### Assignment
Return the data below unchanged, without images.

### Given information
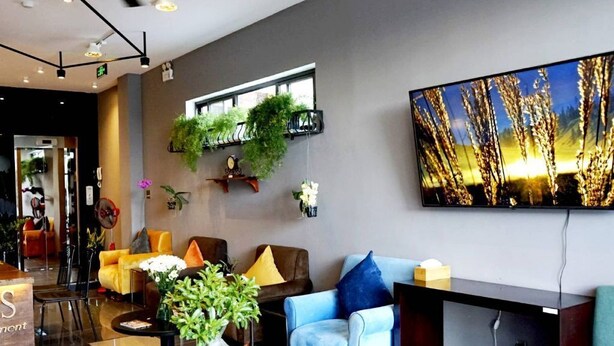 Eine moderne Hotelhalle mit Empfangstresen, einer Sitzecke mit Sofas, einem großen Flachbildfernseher und dekorativen Pflanzen.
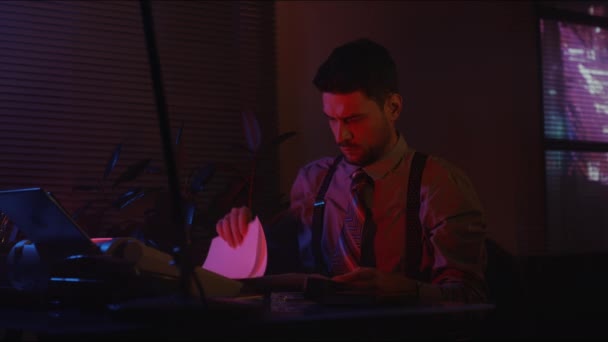 夜のネオンライトルームのテーブルに座っている文書を扱う時代遅れのオフィスワーカーの中側ショット — ストック動画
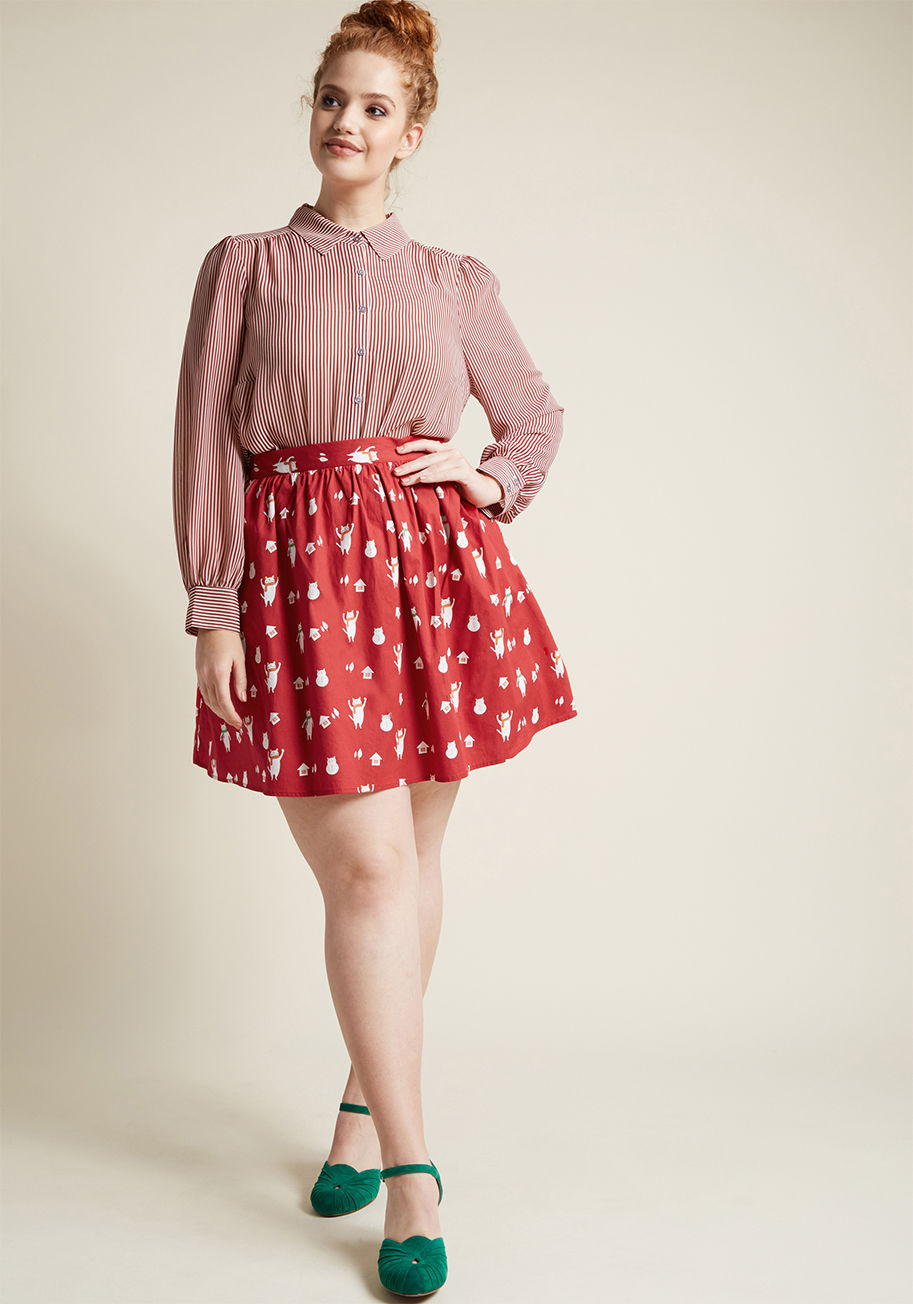 MDB1035 - Here comes Santa Paws, here comes Santa Paws - right on top of this skater skirt from our ModCloth namesake label! Though the quirky design of this cotton A-line needs no introduction, it's festive, caroling kitties and motif of cozy homes and cat-shaped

### Answer to this problem
 Eine moderne Hotelhalle mit Empfangstresen, einer Sitzecke mit Sofas, einem großen Flachbildfernseher und dekorativen Pflanzen.
 夜のネオンライトルームのテーブルに座っている文書を扱う時代遅れのオフィスワーカーの中側ショット — ストック動画
 MDB1035 - Here comes Santa Paws, here comes Santa Paws - right on top of this skater skirt from our ModCloth namesake label! Though the quirky design of this cotton A-line needs no introduction, it's festive, caroling kitties and motif of cozy homes and cat-shaped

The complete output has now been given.